Taipei Economic and Cultural Center in Portugal 駐葡萄牙台北經濟文化中心

Agency overview
- Formed: 1992
- Jurisdiction: Portugal (including Azores and Madeira) Cape Verde Guinea-Bissau São Tomé and Príncipe
- Headquarters: Lisbon, Portugal
- Agency executive: Grace Ya-kuang Chang [zh], Representative;
- Website: Centro Económico e Cultural de Taipei em Portugal

= Taipei Economic and Cultural Center, Lisbon =

The Taipei Economic and Cultural Center in Portugal (駐葡萄牙台北經濟文化中心) (Centro Económico e Cultural de Taipei em Portugal) represents the interests of Taiwan in Portugal in the absence of formal diplomatic relations, functioning as a de facto embassy.

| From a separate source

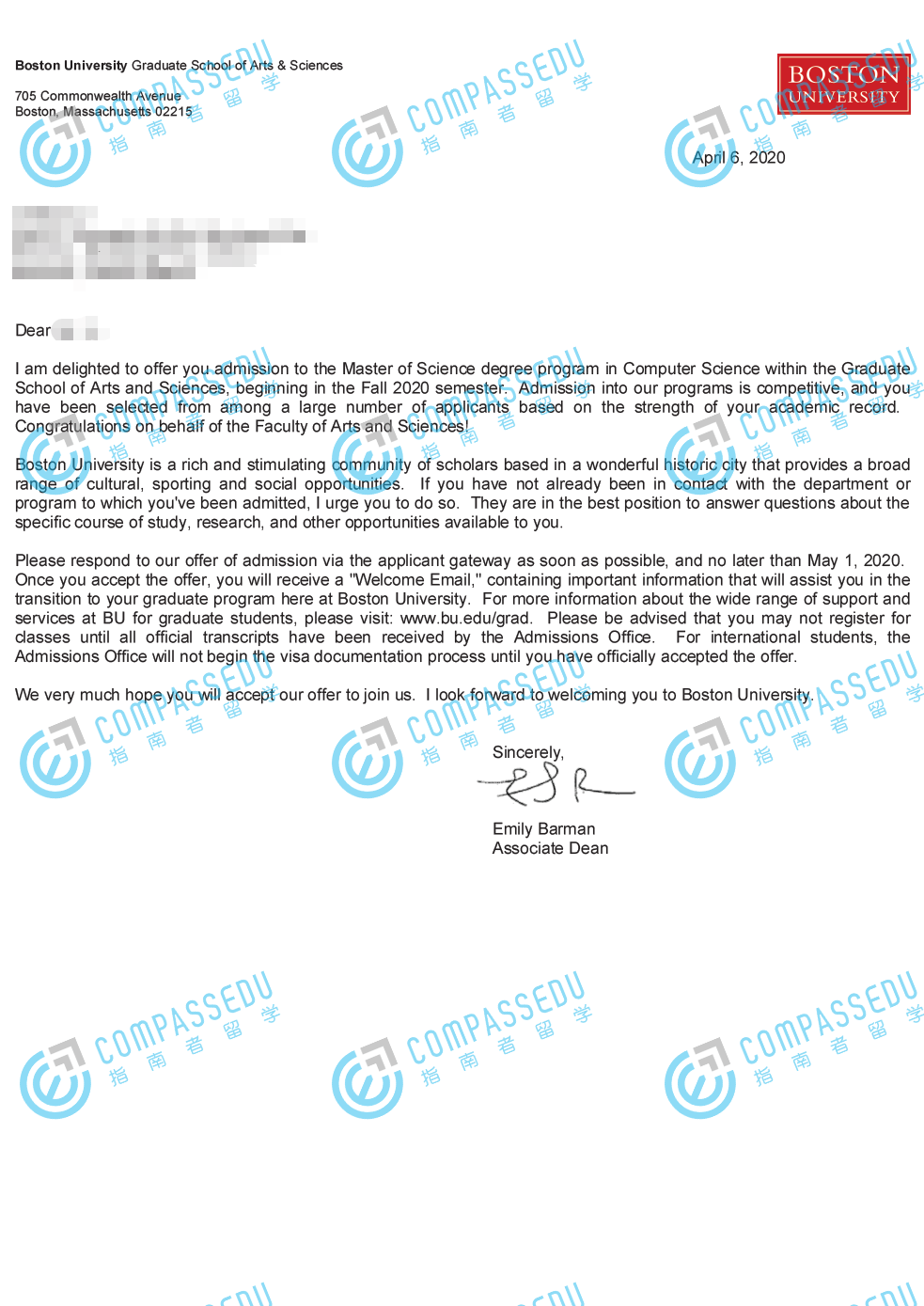 波士顿大学计算机科学系研究生offer一枚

There is currently no counterpart organisation representing Portugal in Taipei.

The Centre was established in 1992.
It is headed by a Representative, Vivia Chun-Fei Chang.

In addition to responsibility for Portugal, including the Autonomous Regions of the Azores and Madeira, it also has responsibility Cape Verde, Guinea-Bissau and São Tomé and Príncipe in Africa.

==History==
From 1950 to 1975, Portugal recognised Taiwan as the Republic of China, which had a legation in Lisbon, as well as a Consulate in Dili in the then Portuguese Timor. In March 1975, following the Carnation Revolution the previous year, the new Portuguese government ordered Taipei to close its Legation and severed diplomatic relations with it. Portugal later established diplomatic relations with the People's Republic of China in 1979.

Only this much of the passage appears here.